I've often had this kind of thought about truths of mathematics, logic and the like. I cannot find the claim that the truths of mathematics are contingent coherent simply because I would only count a truth contingent if there is some way the world might be such that the truth-value of a particular mathematical proposition would be made false (or true, if the proposition is @-false). In other words, I subscribe to the most limited and plausible form of the Truthmaker Theory. And because I have no understanding of what it would be like for the world being a certain way that would falsify mathematical truths (eg. <2+2=4>), I can't countenance mathematical truths as contingent. So far then, I am completely on board with the hypothesis that necessary truths are necessary in virtue of being trivially true.
Now, a natural way to understand what is going on in the case of mathematical truths being necessary in the aforementioned sense is that it's truth "places no demand on the world" - in other words, it's truth (or falsity) does not demand that the world be any which way at all; simply because, it's truth-value does not depend upon the world making it true in any particular way.
But things don't seem to be so simple when we begin to consider substantial metaphysical truths about concrete objects, dispositions, natural kinds, etc. When he comes to a discussion of these kinds of truths, the notion of a necessary truth placing "no demand on the world" takes a different form. Consider the stock example of a purportedly (a posteriori) necessary truth: ; Cameron rephrases this a bit as "If there is Water, there is H20". Surely here the notion that the proposition places no demand on the world seems a bit unsettling. Doesn't it, at the very least, make the claim that 'Water' and 'H20' are referentially co-extensive?; eg. that the set of all of the things picked out by 'Water' is in one-to-one correspondence with the set of all things picked out by 'H20'?
In discussing these substantial metaphysical truths, Cameron's new gloss on the notion of a necessary truth being trivially true in virtue of placing "no demand on the world" is that the two elements, say of an identity statement or a predication (as in <x is F>), make the "exact same demands" on the world. Cameron states:
"Since the truth of the antecedent places the same demands on the world as the truth of the consequent, the truth of the conditional itself places no demands on the world, and so this sentence is trivially true"In other words, the "demand" that a particular world contain Water is exactly the same "demand" that that world contains H20. This seems, for the most part, right on target in explaining why a proposition is either necessarily true or false:
But even so, I cannot agree with Cameron's conflation of "two terms placing the same demand upon the world" with "placing no demand upon the world". And I can't agree with equating the two notions simply because of the banal fact about extensional semantics that I pointed out above. It seems to me that mathematical propositions place "no demand on the world" in two ways: (1) in the aforementioned sense that there is no way the world could be such that it might alter the truth-value of the proposition and (2) in the sense that the proposition does not concern concrete existents. Now I am of the opinion that only concrete entities exist and that therefore, a world is to be identified with a possible configuration of concrete entities. But once you accept that assumption about ontology and (2), then it is rather easy to accept the truth of (1); in fact, (1) seemingly just follows from (2) with the 'concrete assumption' about world ontology.

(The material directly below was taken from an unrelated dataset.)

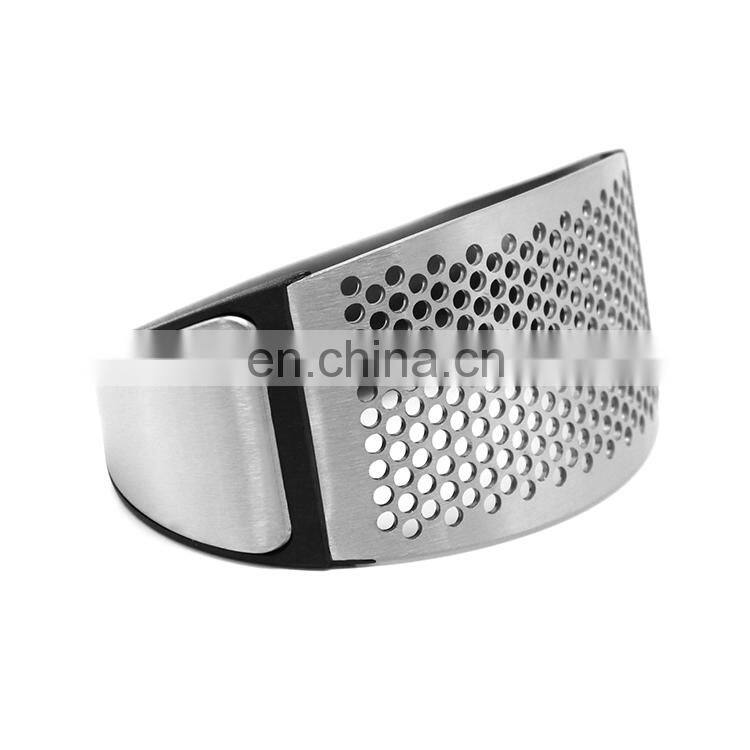 High Quality Kitchen Gadgets Stainless Steel Ginger Garlic Crusher Squeezer Press Rocker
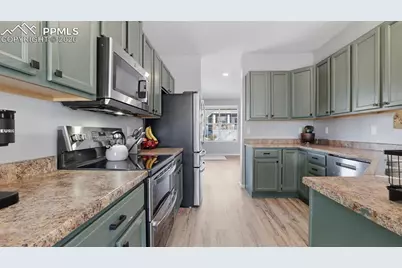 2281 St James Drive, Colorado Springs, CO 80910 - Photo 15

But notice that substantial metaphysical truths, such as , do not place "no demand on the world" in the sense of (2), as mathematical truths do. I agree that it places "no demand on the world" in the sense of (1), simply because, as Cameron says, "when you have one, you have the other".
So perhaps it would be better to say that the sense of "placing no demand on the world" would be better characterized simply by (1) alone. Cameron begins his paper by dismissing the claim that necessary truths commit one to a particular ontology, so he would presumably not be happy with the claim that <2+2=4> is necessary because "when you have one, you have the other", as it plausibly commits one to at least having worlds where '2', '4', and the relation of addition all exist. I'm not pleased with the thought that mathematical truths commit us to an ontology either, but I don't think that the sense of "no demand" given by (1) needs to be interpreted existentially.
It seems to me that the "no demand" reading of triviality is to be understood as "when you have one, you have the other" without a necessary corollary to be interpreted existentially. In this way, we can claim that <2+2=4> is trivially true in the sense that, no matter which would happened to be actual, if you had 2 sets of 2 things there, you would have 4 things. Surely no possible world could alter the truth value of this claim - plausibly, not even a completely empty world could alter this truth. And, without being interpreted existentially, we can say also that is trivially true in the sense that, no matter which world happened to be actual, if you have Water there, you have H20 there.